First, you need to understand only a fraction of your property tax bill goes to Kanab City. This year, approximately 38% of your property taxes go to Kane County, 44% to the Kane County School District, 5% to the Kane County Water Conservancy District and only 12% to Kanab City.

It is important to know Kanab City’s property tax rate is one of the lowest in Utah, and by far the lowest of any community in Kane County. Alton’s property tax rate is 246% higher, Big Water’s rate is 223% higher, Glendale’s rate is 171% higher and Orderville’s rate is 155% higher.

One question often asked is whether increases in the value of property generate additional money for the city. No, they do not. During the 1980s, the Utah State Legislature changed how property tax is handled. If property values increase, then the tax rate is reduced.

Similarly, if property values decrease, the tax rate increases. The end result is that city revenues do not suffer or benefit and your taxes stay roughly the same, unless local leaders justify increases through at least two public hearings.

The city does, however, receive more property tax revenue as growth occurs. During Kanab’s growth years, significant increases in property tax revenue occurred. Few, if any additional revenues will be generated during our current period of very slow growth.

Finally, it is essential to understand how Kanab City’s property tax is distributed. Approximately 40% ($150,071) is dedicated to recreation, 7% ($24,752) is budgeted for the interest and sinking fund and 53% ($200,094) goes to the General Fund to support critical city services like your streets, the police and the fire department.

The impact of how Kanab City has allocated its property tax isn’t immediately clear until you consider last week’s article outlining the ongoing loss of sales tax dollars in Kanab. Since roughly half of your local property tax dollars are dedicated to recreation, the costs for general fund purposes like police, fire and street are disproportionately funded by sales tax dollars, which dropped more than 10% last year. For this reason, new revenue sources must be identified, or the city will be forced to cut significantly in these areas.

One final point needing to be discussed is the impact of sales and property taxes on different categories of citizens. Tax experts typically agree sales taxes most seriously impact the poor and families with large numbers of children.

On the other hand, property taxes are considered progressive with a greater impact on the wealthy, who own more property.

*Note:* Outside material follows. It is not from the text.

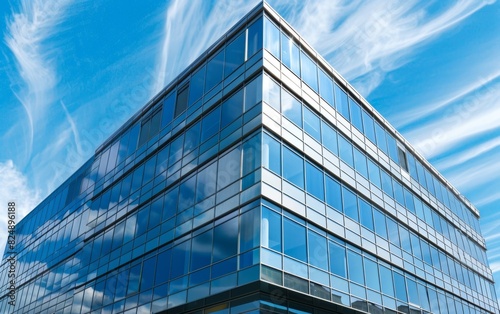 Modern multistory office building with reflective glass windows under a blue sky.
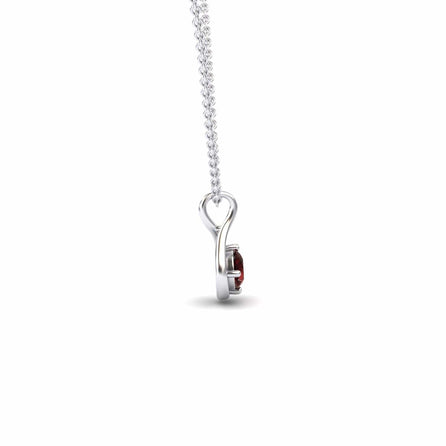 Lab Grown Ruby Infinity Teardrop Necklace - Paulina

Property taxes however, tend to have a more negative impact on senior citizens who have accumulated property during their lifetimes, but live on fixed incomes. In Kanab, we rely heavily on sales tax dollars, so tourists can contribute more to our budget. In doing so, our budget disproportionately impacts the poor and those with large families. It is also worth noting, high sales taxes encourage residents to buy high ticket items like cars and building supplies in other areas with lower tax rates.

Your elected city officials will do everything possible to cut back on projected expenditures for the upcoming budget year. However, we will only be able to cut back to a point, beyond which we would be unwisely impacting critical services.

If additional revenues are required to fund these services at that point, an increase in property taxes will be one of several options discussed. Your recommendations regarding other alternatives are welcome and encouraged.